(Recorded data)
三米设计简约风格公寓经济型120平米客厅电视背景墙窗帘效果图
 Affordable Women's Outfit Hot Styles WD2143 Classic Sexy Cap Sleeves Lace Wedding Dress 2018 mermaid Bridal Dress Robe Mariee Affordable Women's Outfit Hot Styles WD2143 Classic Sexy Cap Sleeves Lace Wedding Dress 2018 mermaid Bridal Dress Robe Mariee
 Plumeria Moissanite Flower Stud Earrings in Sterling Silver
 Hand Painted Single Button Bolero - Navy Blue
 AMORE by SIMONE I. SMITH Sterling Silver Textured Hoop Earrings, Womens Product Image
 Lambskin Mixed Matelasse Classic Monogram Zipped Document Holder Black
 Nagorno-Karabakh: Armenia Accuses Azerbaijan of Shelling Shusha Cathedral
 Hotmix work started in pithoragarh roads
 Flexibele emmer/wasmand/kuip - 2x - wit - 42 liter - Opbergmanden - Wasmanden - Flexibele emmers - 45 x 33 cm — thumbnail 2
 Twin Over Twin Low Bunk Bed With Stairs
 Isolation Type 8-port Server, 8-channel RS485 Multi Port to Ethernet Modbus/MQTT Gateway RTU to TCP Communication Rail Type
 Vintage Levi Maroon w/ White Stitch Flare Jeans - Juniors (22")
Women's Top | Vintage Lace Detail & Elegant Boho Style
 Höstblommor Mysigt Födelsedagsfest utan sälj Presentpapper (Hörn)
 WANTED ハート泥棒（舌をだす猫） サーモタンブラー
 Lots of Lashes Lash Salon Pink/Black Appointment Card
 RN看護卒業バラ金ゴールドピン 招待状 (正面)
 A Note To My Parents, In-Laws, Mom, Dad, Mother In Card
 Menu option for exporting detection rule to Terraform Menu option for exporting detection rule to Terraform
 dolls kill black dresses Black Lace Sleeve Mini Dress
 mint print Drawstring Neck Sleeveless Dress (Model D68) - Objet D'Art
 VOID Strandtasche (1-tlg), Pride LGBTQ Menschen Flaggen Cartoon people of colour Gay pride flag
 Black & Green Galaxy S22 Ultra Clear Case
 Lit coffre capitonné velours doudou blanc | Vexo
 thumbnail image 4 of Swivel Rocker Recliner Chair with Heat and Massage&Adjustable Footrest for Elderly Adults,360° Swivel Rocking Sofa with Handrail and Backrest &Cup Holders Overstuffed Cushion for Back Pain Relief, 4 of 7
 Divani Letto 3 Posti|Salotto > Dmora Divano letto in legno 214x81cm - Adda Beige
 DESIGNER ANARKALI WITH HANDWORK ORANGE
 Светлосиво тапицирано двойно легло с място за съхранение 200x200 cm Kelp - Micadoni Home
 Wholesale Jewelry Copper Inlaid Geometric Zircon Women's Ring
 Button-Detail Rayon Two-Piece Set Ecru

■ **Description of the task**
Take the stretch of lines above from the one containing "A Note To My" through the one containing "mint print Drawstring" and repeat it exactly, adding no other line.

■ **Response to this exercise**
 A Note To My Parents, In-Laws, Mom, Dad, Mother In Card
 Menu option for exporting detection rule to Terraform Menu option for exporting detection rule to Terraform
 dolls kill black dresses Black Lace Sleeve Mini Dress
 mint print Drawstring Neck Sleeveless Dress (Model D68) - Objet D'Art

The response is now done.